Information provided:
....
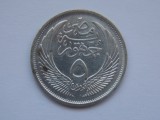 5 PIASTRES 1957 EGIPT-argint, Africa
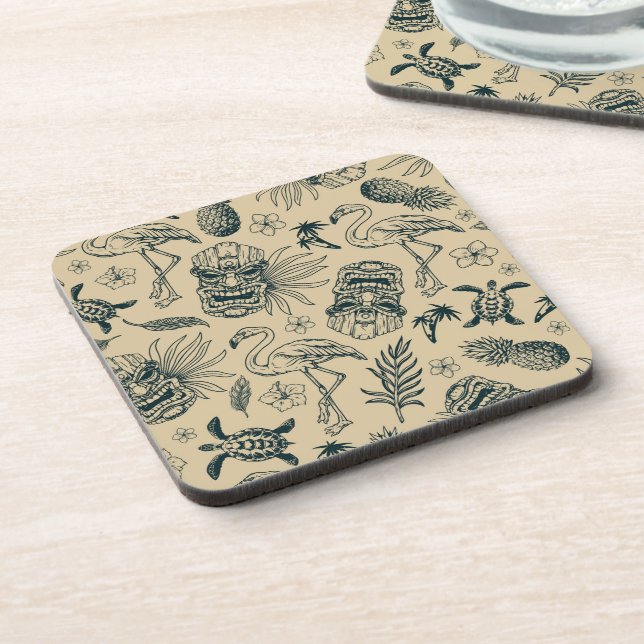 Vintage Tropical Pattern Beverage Coaster (Left Side)
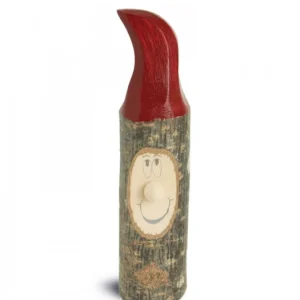 Waldfabrik, photophore en bois et étoile sapin de Noël Lutin En Bois Père Noël Avec Bonnet Rouge Peint, 10,5 Cm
....
Exercise description:
Omitting the images, copy the listing exactly.

Answer:
 5 PIASTRES 1957 EGIPT-argint, Africa
 Vintage Tropical Pattern Beverage Coaster (Left Side)
 Waldfabrik, photophore en bois et étoile sapin de Noël Lutin En Bois Père Noël Avec Bonnet Rouge Peint, 10,5 Cm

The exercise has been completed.